Colpisce per flessibilità e fluidità vocale l’interpretazione di Bruno Taddia, che sostiene la parte del generale romano, Licinio, con bell’aspetto fisico e disinvolta azione scenica. La brillantezza del suo timbro spicca sin da subito, nel duo del primo atto: “Quand l’amitié seconde mon courage”.
Corposa e ben centrata è la voce di Lucrezia Venturiello, nei panni della Gran Vestale la quale, conscia dell’amore che turba l’animo di Giulia, dipinge l’amore come il peggiore fra i mali incantando l’uditorio con la bell’aria “L’Amour est un monstre barbare”.
Perfetta è la risonanza vocale di Adriano Gramigni, il Sommo Sacerdote che condanna Giulia alla sepoltura per aver ceduto all’amore e causato l’estinzione del fuoco sacro per omissione di controllo. Lui stesso sospenderà l’esecuzione della pena quando un fulmine riaccenderà il fuoco sull’ara di Vesta. Buona è la prestazione vocale di Joseph Dahdah, come Cinna.

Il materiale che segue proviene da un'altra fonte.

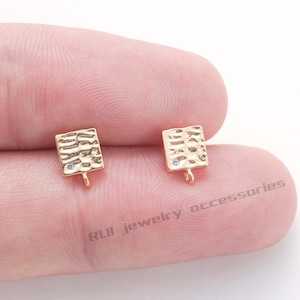 May include: Two gold-colored, textured square jewelry findings with a small, clear gem and a loop at the bottom. The findings are for jewelry making and are shown against a light background.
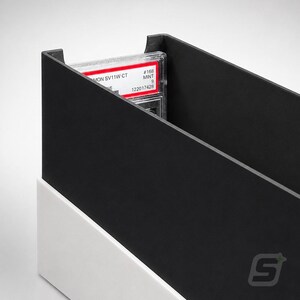 May include: A black and white storage box for trading cards featuring a rectangular design with an open top. Inside the box, a single graded trading card in a clear plastic slab is visible, displaying the text MON SV11W CT, #168, MINT 9, 122017428.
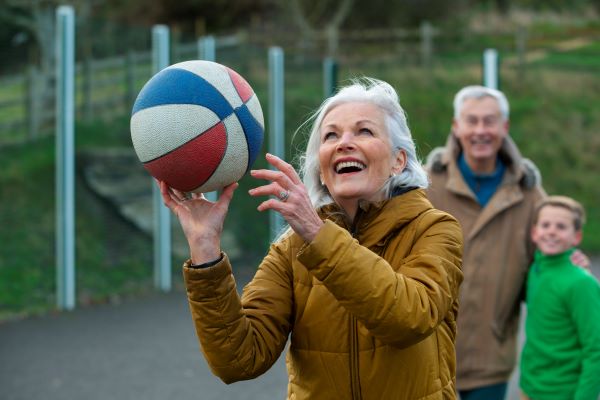 Senior playing basketball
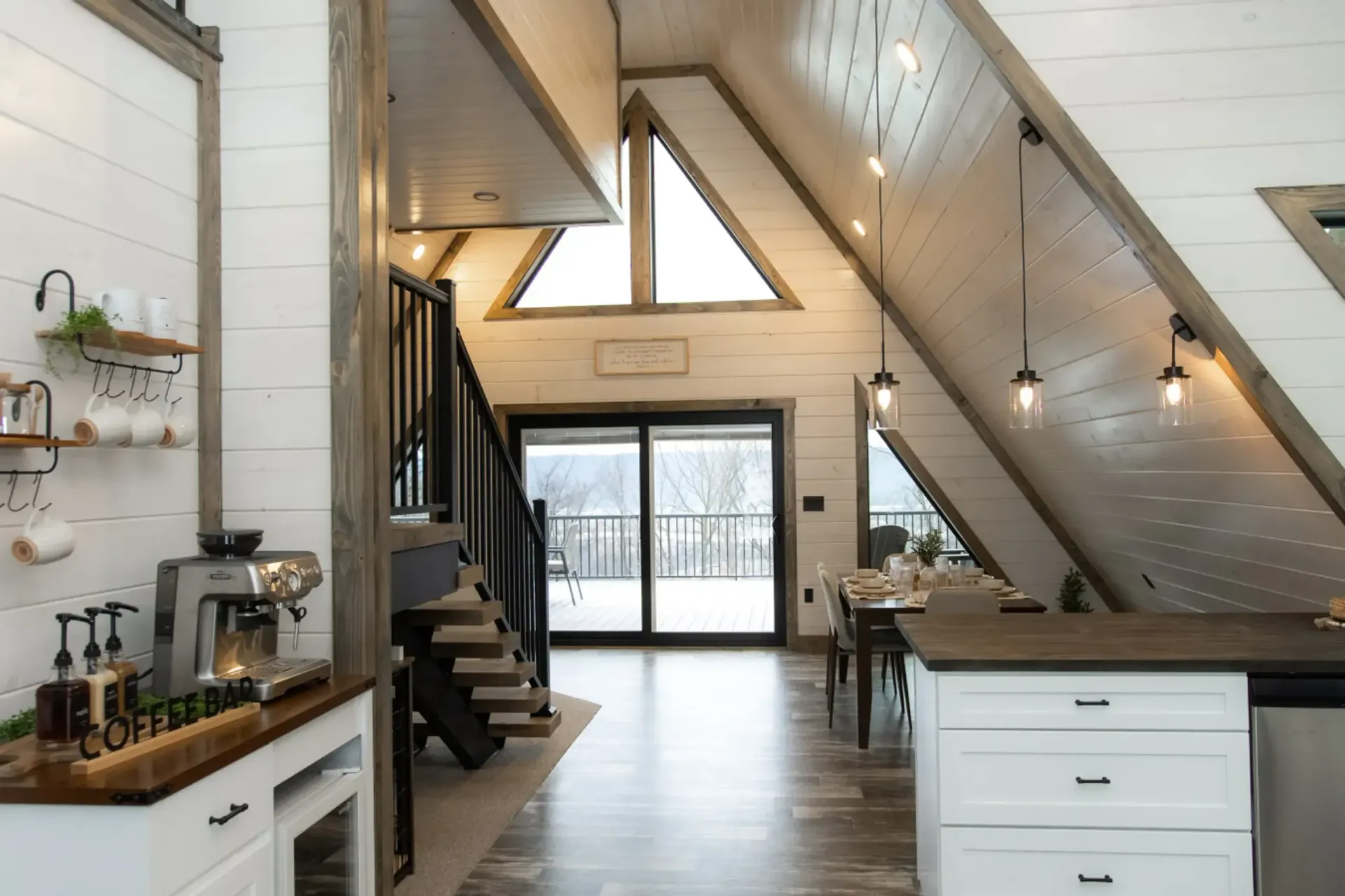 Attic room with wood-paneled wall, three windows, and a gray rug on a light wooden floor. | Rebuck, PA | Expressions Carpentry
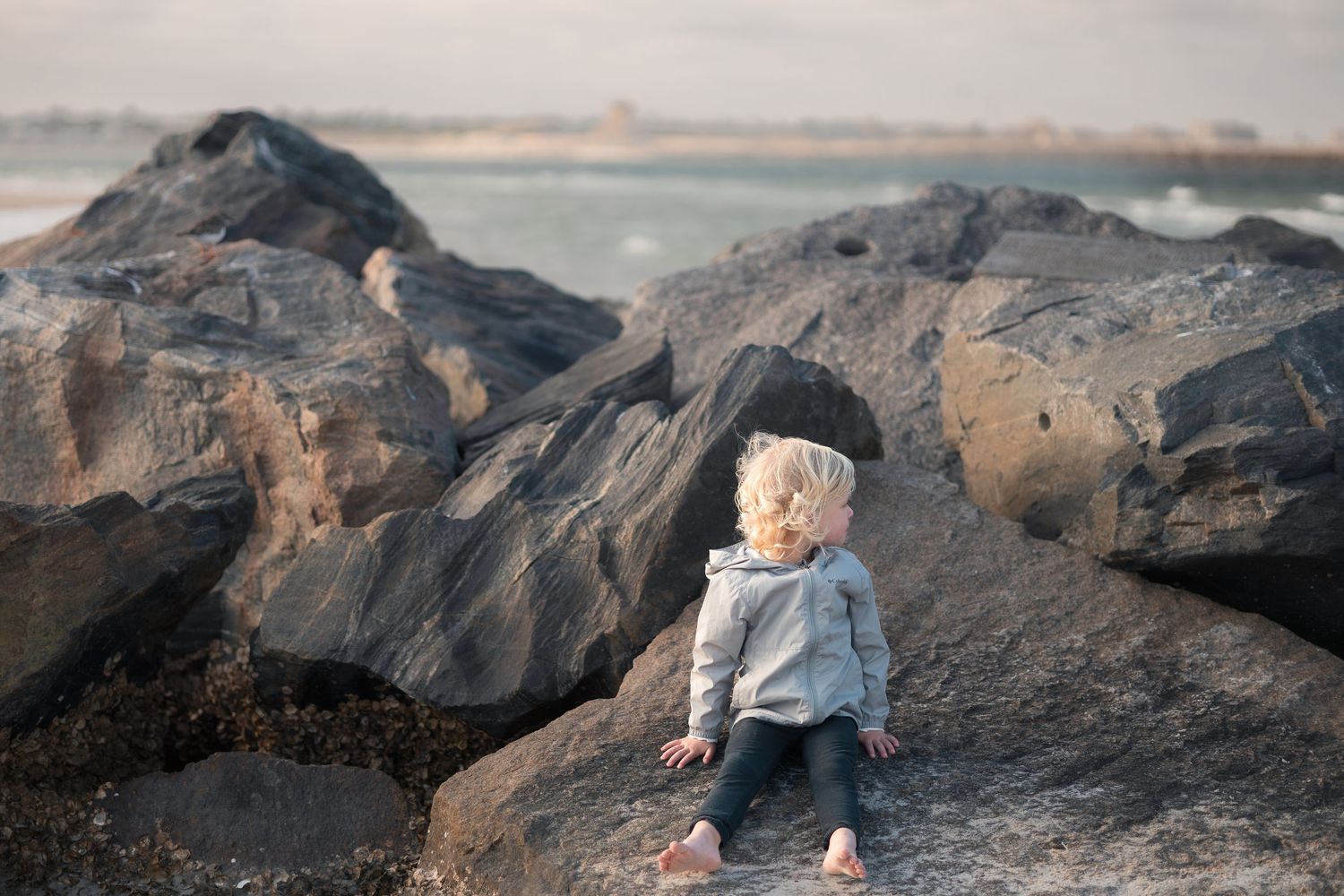 Small child in a gray sweater sits among large coastal rocks at sunset by the ocean.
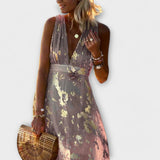 Robe fluide avec décolleté en V et détails en sequins
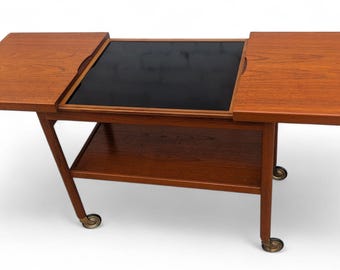 May include: A mid-century modern teak wood bar cart with a black center surface and two folding side leaves. The cart has a lower shelf and rolls on brass-toned casters. The wood has a warm, reddish-brown tone.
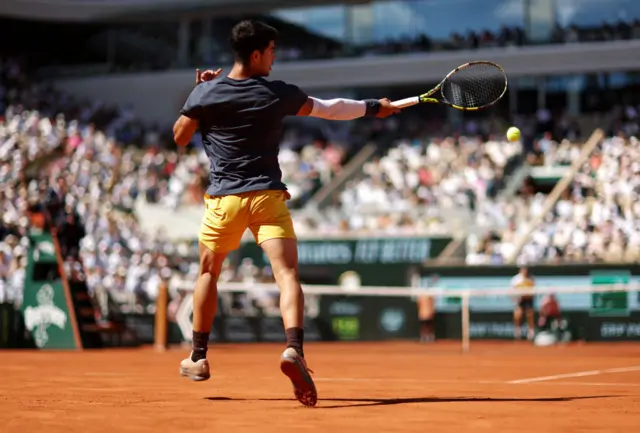 Carlos Alcaraz hitting a forehand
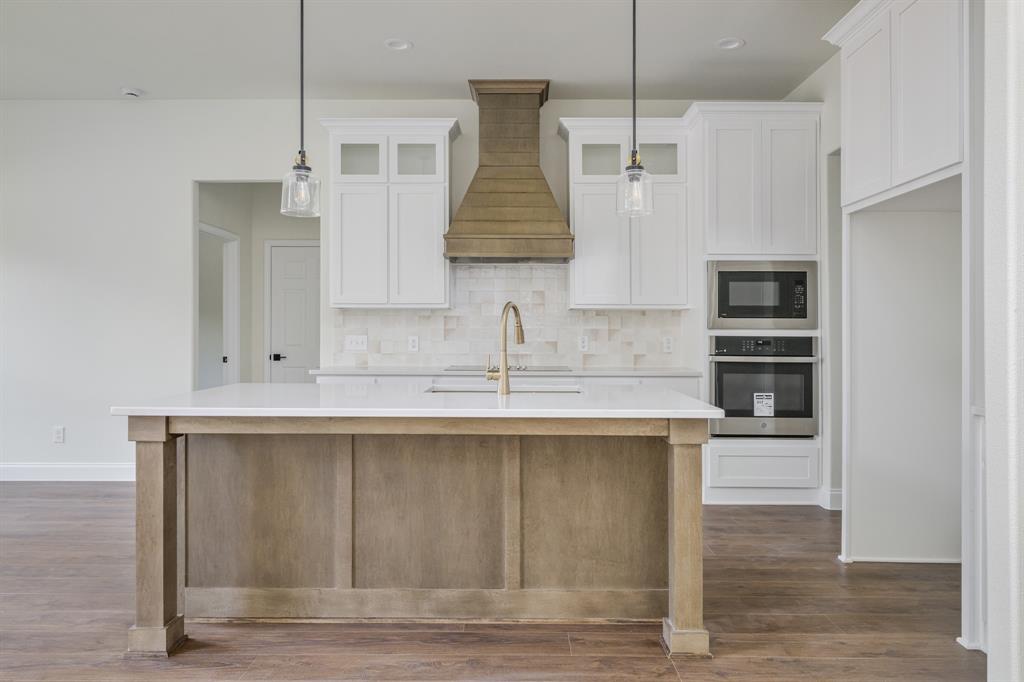 1844 County Road 2320 Terrell, TX 75160 - Photo 16 of 40 a kitchen with stainless steel appliances granite countertop a sink a microwave a refrigerator and white cabinets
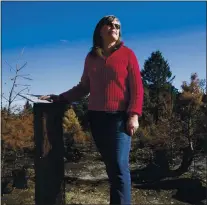  ?? PHOTOS BY JANE TYSKA — STAFF PHOTOGRAPH­ER ?? Co-owner Louise Moran stands by burned trees at the Crest Ranch Christmas Tree Farm in Santa Cruz on Dec. 9. The farm has been owned by her family for more than 40 years and is recovering after the CZU Lightning Complex fire tore through the area in late August.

Incantevole è la vocalità del Coro di Fanciulle e Vestali nel terzo atto “Tant de jeunesse, tant de charmes”, così come è apparso abbastanza preparato nelle mani del Maestro Corrado Casati l’intero Coro del Teatro Municipale di Piacenza. Ciò nonostante, alcune sbavature sono emerse nel rapporto Orchestra – Coro probabilmente per l’ampia distanza posta tra il Direttore d’orchestra e il Coro posizionato nel fondo del palcoscenico ove lunghi tendaggi bianchi assorbenti le sonorità in palco, ostacolavano il sincronismo tra le parti.
La Direzione dell’Orchestra Corelli, affidata alla bacchetta di Alessandro Benigni, se da un canto ha favorito il dispiegamento delle belle idee tematiche spontiniane, dall’altro è apparsa appena faticosa per la tenuta della compattezza e omogeneità sonora in oltre tre ore e mezza di recita.
A fine spettacolo, gran successo per tutti, tributato dal pubblico con calorosi applausi!